=== Data records ===
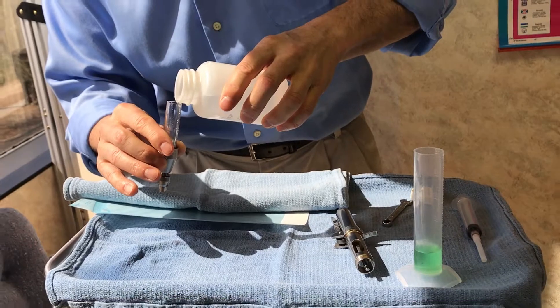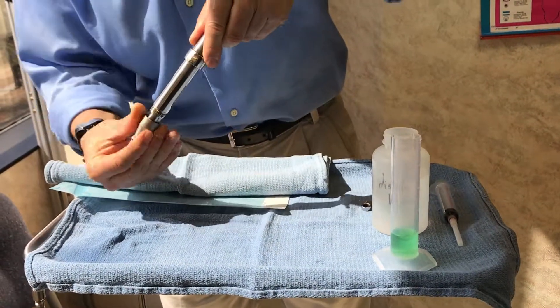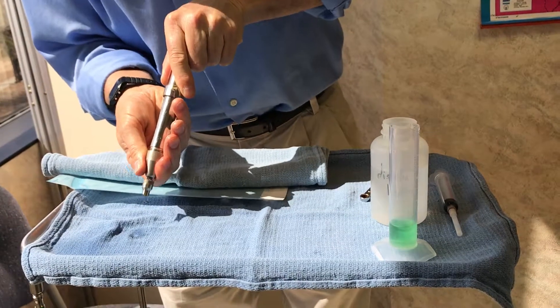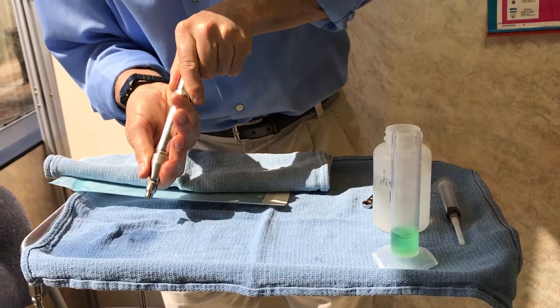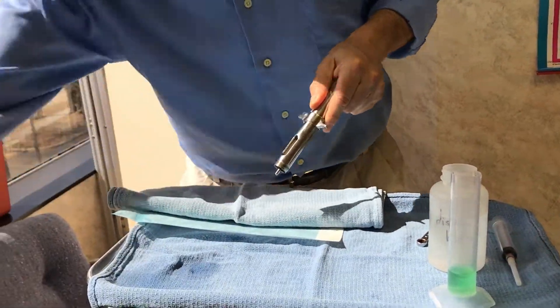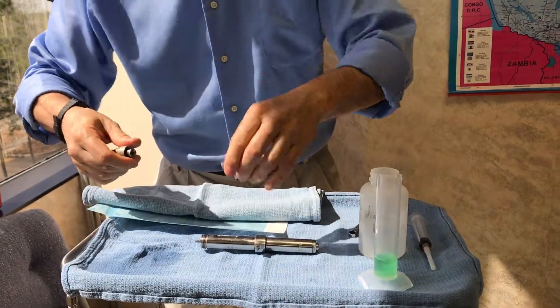So I'm rinsing it with a little bit of distilled water by what we call priming it — we're essentially rinsing that head out. When I'm done I can pour out the water and now disassemble the MetaJet.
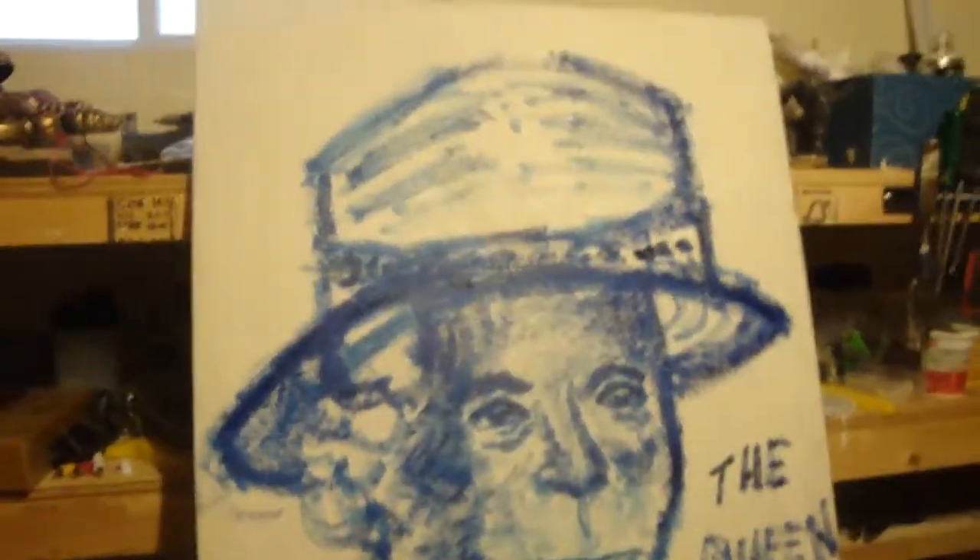Okay, I got my little studio set up with some paper on the ground. Portrait of the Queen.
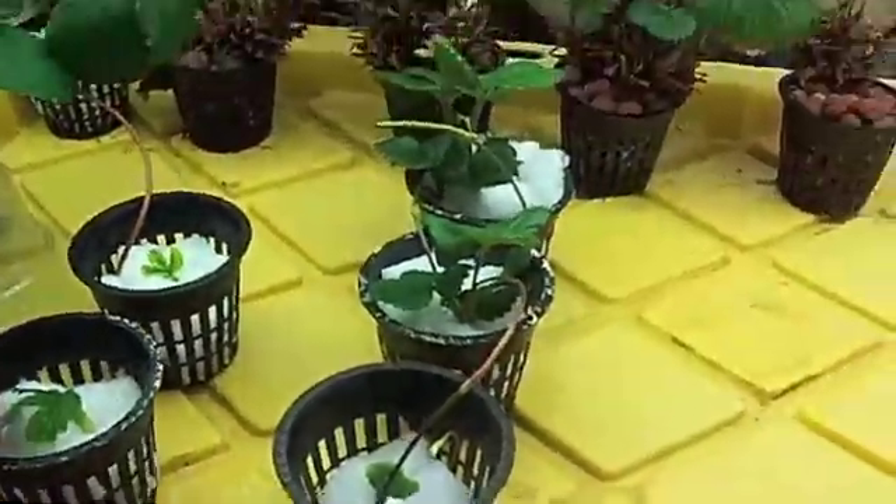I'm hoping that these ones from the old strawberry grow will start to produce more runners, but they don't look as healthy as the ones that I have in the Sure2Grow. So there it is.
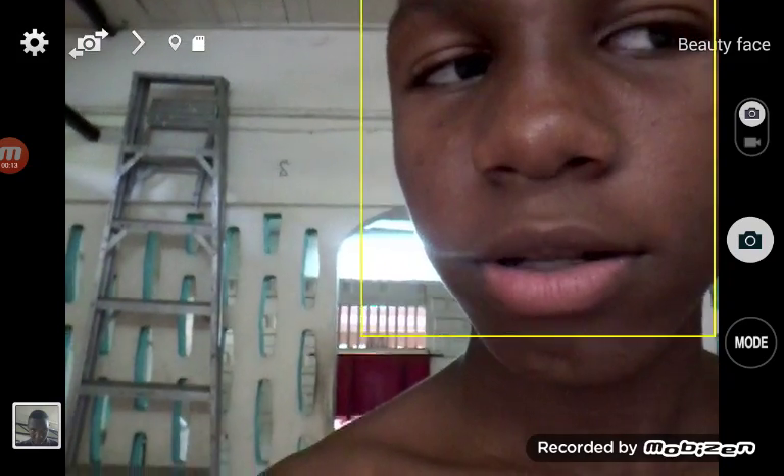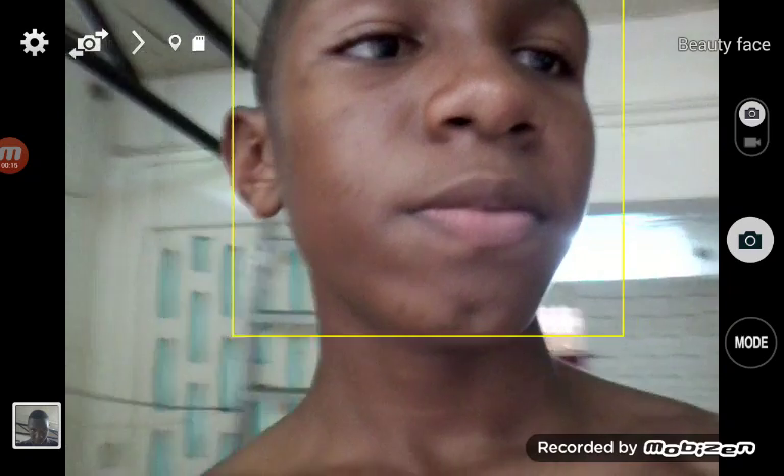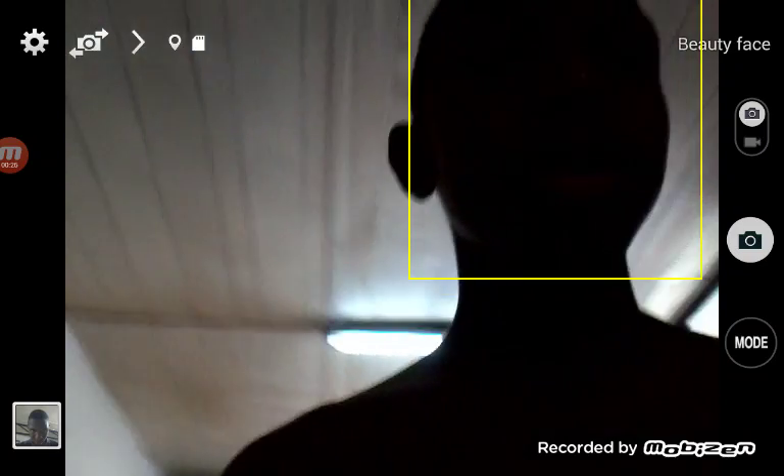Hey you guys, I'm back with another video where I'm going to be doing a Bottle Flip Challenge in a few minutes. So I'm just going to let you guys prepare for that. In a few minutes I'm going to be doing a Bottle Flip Challenge — get ready for that. And some guests are going to be on it, some friends of mine and relatives.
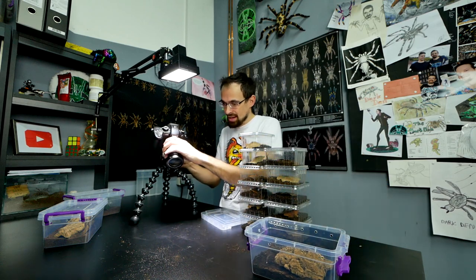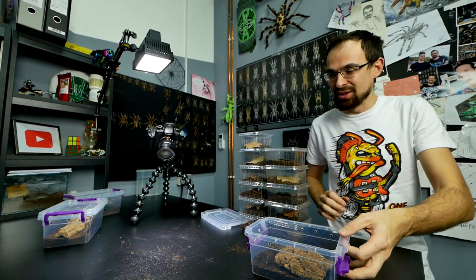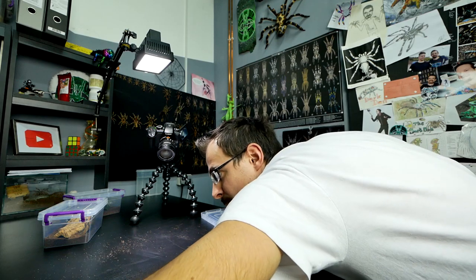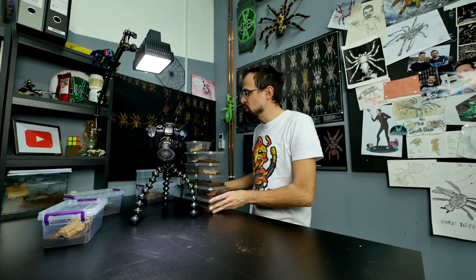Look at this — look at the amount of springtails on the table! Does anybody need some springtails? I have a bunch of them here. This is a lost cause. Now let me show you the updates.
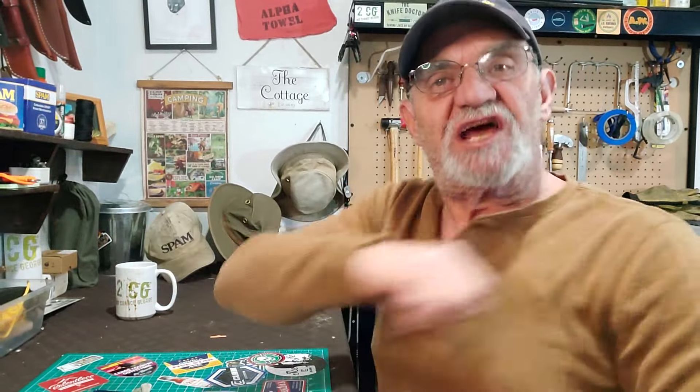Hey campers, Georgia, back in the man cave. Looking at another sharp and shiny. This guy from Kershaw — subscriber recommendation. Let's check it out.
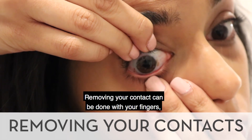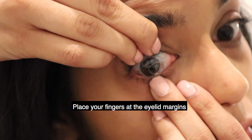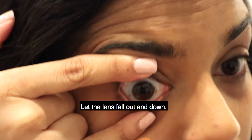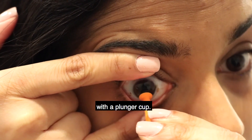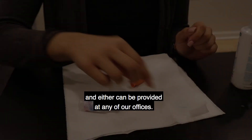Removing your contact can be done with your fingers or with a plunger. Place your fingers at the eyelid margins right next to your eyelashes and push on the top and bottom lid to break the seal between the contact and your eye. Let the lens fall out and down. Specialty or scleral contacts can also be removed with a plunger cup. Note that the inserters and removers are different shapes and either can be provided at any of our offices.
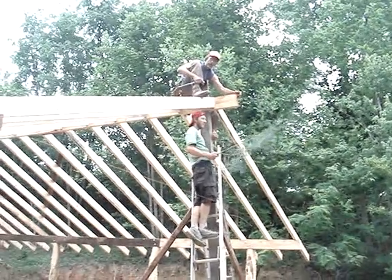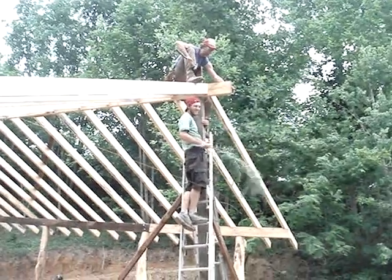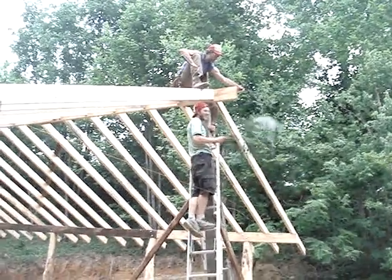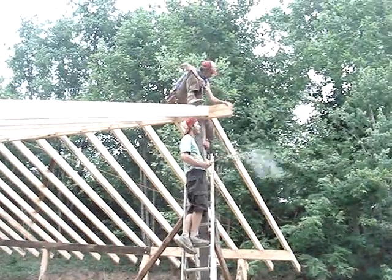Where does it come from? No, no — the tradition. The tradition comes from Europe where we used to build the timber frames at first. But this is a hemlock bow and that's what we made this structure out of.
===
What is needed is an exact copy of the lines from the one containing "Hey you guys, I'm" through the last line of the records, with every picture left out.

*Response to the exercise*
Hey you guys, I'm back with another video where I'm going to be doing a Bottle Flip Challenge in a few minutes. So I'm just going to let you guys prepare for that. In a few minutes I'm going to be doing a Bottle Flip Challenge — get ready for that. And some guests are going to be on it, some friends of mine and relatives.
Look at this — look at the amount of springtails on the table! Does anybody need some springtails? I have a bunch of them here. This is a lost cause. Now let me show you the updates.
Hey campers, Georgia, back in the man cave. Looking at another sharp and shiny. This guy from Kershaw — subscriber recommendation. Let's check it out.
Removing your contact can be done with your fingers or with a plunger. Place your fingers at the eyelid margins right next to your eyelashes and push on the top and bottom lid to break the seal between the contact and your eye. Let the lens fall out and down. Specialty or scleral contacts can also be removed with a plunger cup. Note that the inserters and removers are different shapes and either can be provided at any of our offices.
Where does it come from? No, no — the tradition. The tradition comes from Europe where we used to build the timber frames at first. But this is a hemlock bow and that's what we made this structure out of.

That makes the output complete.